[Opening Entries supplied section]

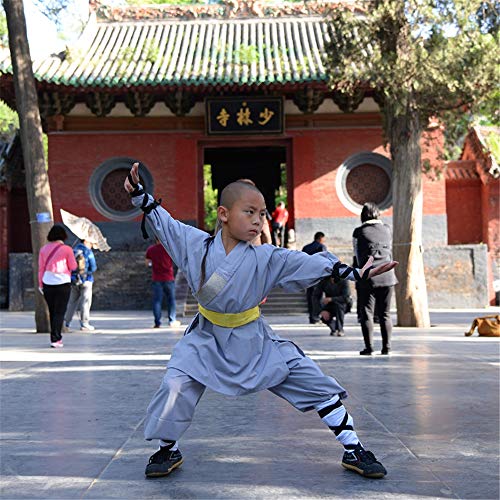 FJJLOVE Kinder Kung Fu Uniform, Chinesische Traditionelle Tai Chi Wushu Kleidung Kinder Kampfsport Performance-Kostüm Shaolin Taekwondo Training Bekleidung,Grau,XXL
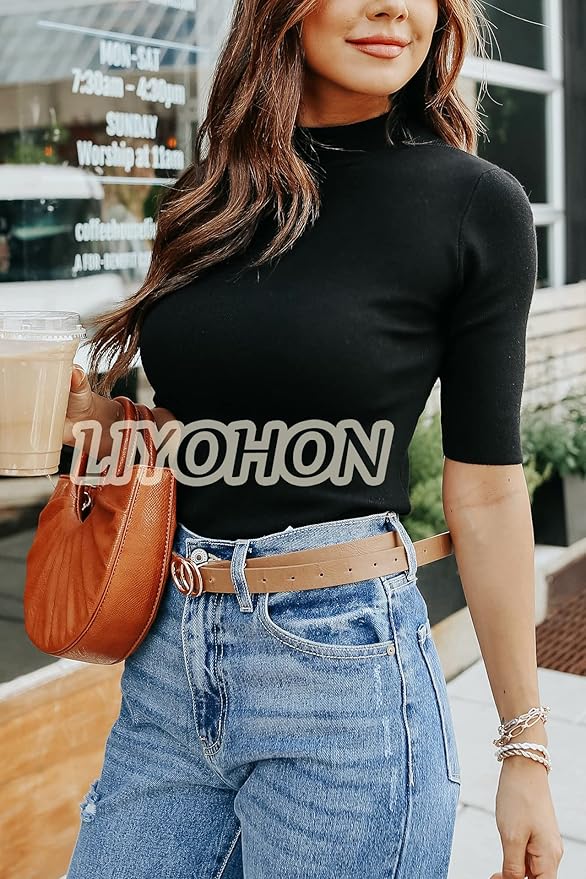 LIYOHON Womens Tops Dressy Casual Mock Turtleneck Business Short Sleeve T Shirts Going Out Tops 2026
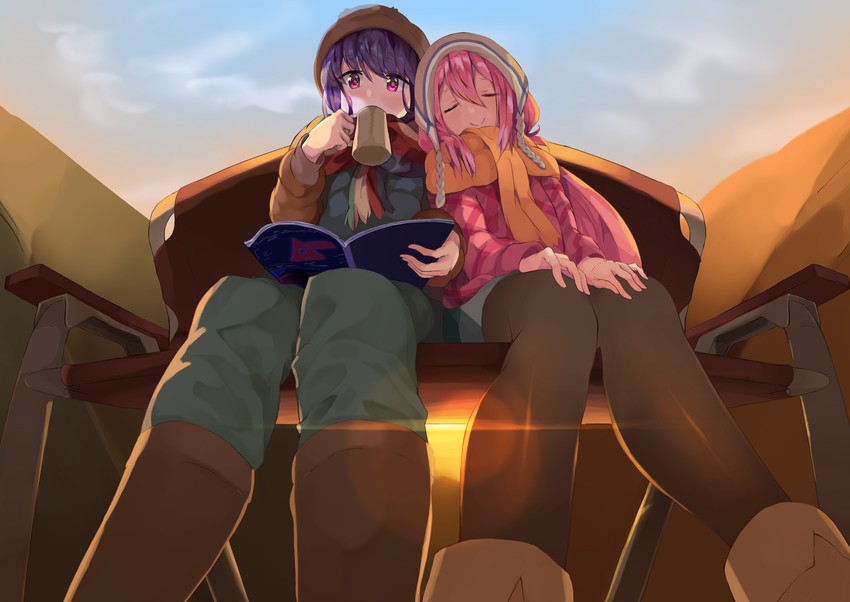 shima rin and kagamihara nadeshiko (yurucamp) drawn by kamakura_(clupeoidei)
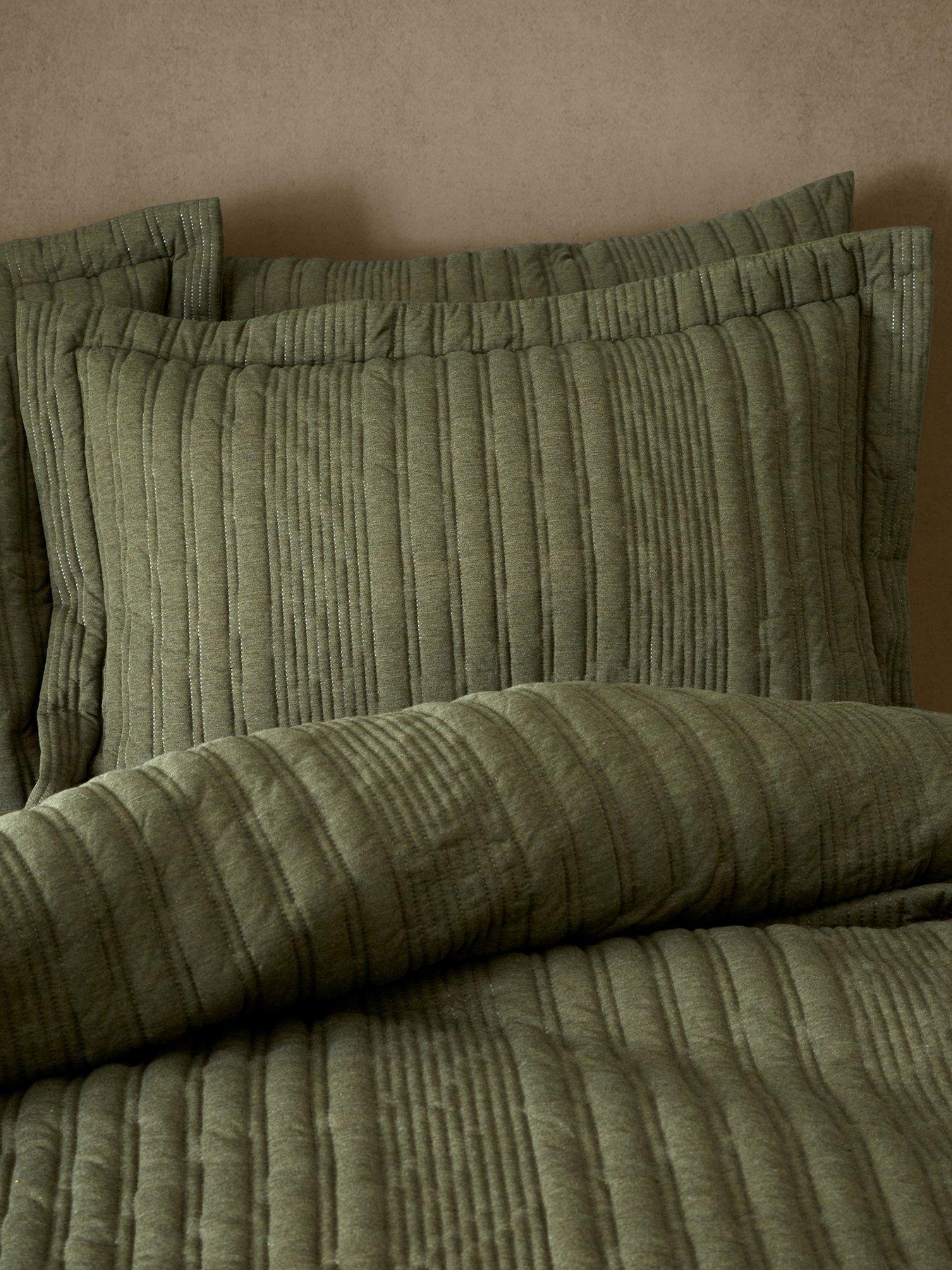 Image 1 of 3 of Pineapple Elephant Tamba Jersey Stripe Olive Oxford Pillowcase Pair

[Closing Entries supplied section]
[Opening Entries supplied section]

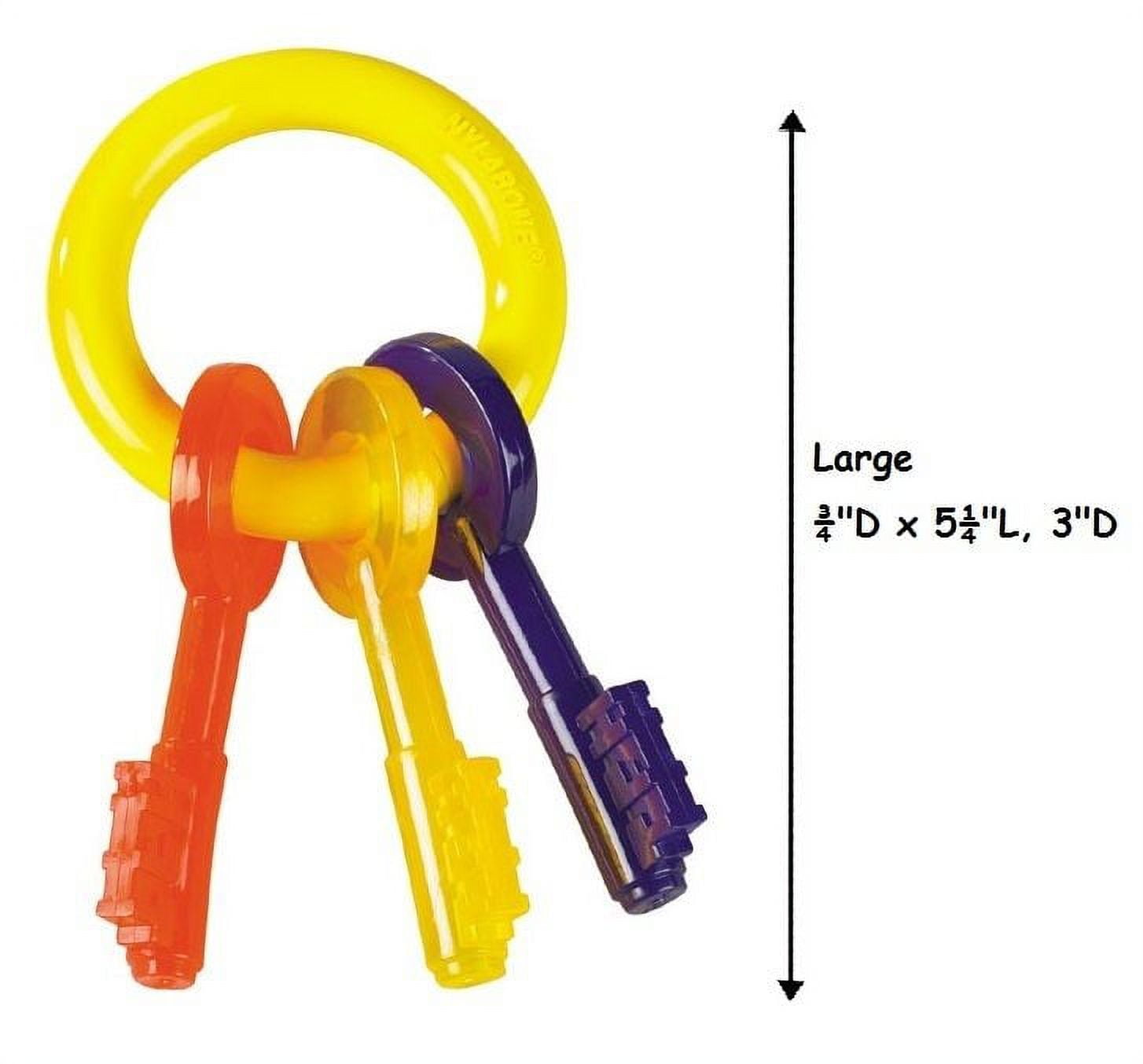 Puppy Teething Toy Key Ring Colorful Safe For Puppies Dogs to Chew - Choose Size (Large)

[Closing Entries supplied section]

What to produce: Copy nothing but the lines above from the one with "FJJLOVE Kinder Kung" to the one with "LIYOHON Womens Tops", inclusive, word for word. Leave every picture out.

Answer space:
 FJJLOVE Kinder Kung Fu Uniform, Chinesische Traditionelle Tai Chi Wushu Kleidung Kinder Kampfsport Performance-Kostüm Shaolin Taekwondo Training Bekleidung,Grau,XXL
 LIYOHON Womens Tops Dressy Casual Mock Turtleneck Business Short Sleeve T Shirts Going Out Tops 2026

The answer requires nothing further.